As portas do prédio do Mercado Público de Pelotas amanheceram lacradas ontem, como forma de protesto dos 42 comerciantes que atuam no local.
Eles não concordam com a transferência de 28 lojistas para bancas que serão instaladas na travessa Conde de Piratini, localizada ao lado da Biblioteca Pública. A mudança deve ser mantida enquanto durar a reforma do espaço, que tem início previsto para o próximo dia 14. Os manifestantes foram à Câmara de Vereadores pedir apoio para que a restauração do imóvel seja feita por quadrantes, o que evita a transferência dos lojistas. Os empreendedores argumentam que esperavam há anos pela reestruturação do espaço histórico e, agora, descobrem que serão ‘despejados’. Os comerciantes resumem que ‘o que era para ser um sonho, se transformou em pesadelo’.

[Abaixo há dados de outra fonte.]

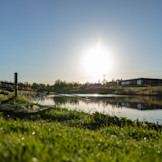 SE - Park - Carousel - Coarse fishing lake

Hoje, às 19h, o prefeito Adolfo Fetter Júnior receberá os 42 empresários para tratar do assunto. ‘Foi a solução mais viável que encontramos, pois o local fica a pouco mais de 60 metros do mercado, terá boa infraestrutura e evitará que os comerciantes deixem de trabalhar’, disse. Fetter explica que os 42 permissionários das bancas internas do mercado, que compõem o espaço denominado ‘cruz’, precisarão ser deslocados. Um grupo de 14 lojistas, cuja atividade envolve produtos perecíveis e frágeis – como, por exemplo, carne e louças – deve ocupar a estrutura externa do Mercado Público. Os outros 28, a maioria lancherias, ficarão na área da travessa Conde de Piratini. Eles terão à disposição espaço coberto, de 8 metros por dez, com 800 metros de cobertura. ‘Serão seis pirâmides, com toda infraestrutura, fechamento lateral, iluminação e piso em madeira’, esclarece o prefeito.
O espaço na travessa Conde Piratini deverá ser implantado a partir de segunda-feira e estará pronto no próximo dia 8, segundo o cronograma do projeto de recuperação do mercado. Os 14 permissionários que irão se abrigar na parte externa do estabelecimento podem começar a se mudar após o próximo dia 1º. A prefeitura pretende assinar o contrato com a empresa vencedora da licitação, a Marsul Engenharia, de Goiânia, no dia 4 de setembro, e dar início às obras no dia 14. A obra de recuperação e requalificação do Mercado Público absorverá investimento de R$ 2,269 milhões, obtidos por meio do Programa Monumenta, e de mais R$ 340 mil, em contrapartida da prefeitura. Requalificação da estrutura do prédio, troca do telhado, instalação de nova rede elétrica, hidráulica/sanitária e lógica são algumas das ações programadas, além da instalação de rede de gás, sistema de prevenção de incêndio e restauração do jardim interno. A primeira fase, de reforma das esquadrias externas do prédio, já foi concluída.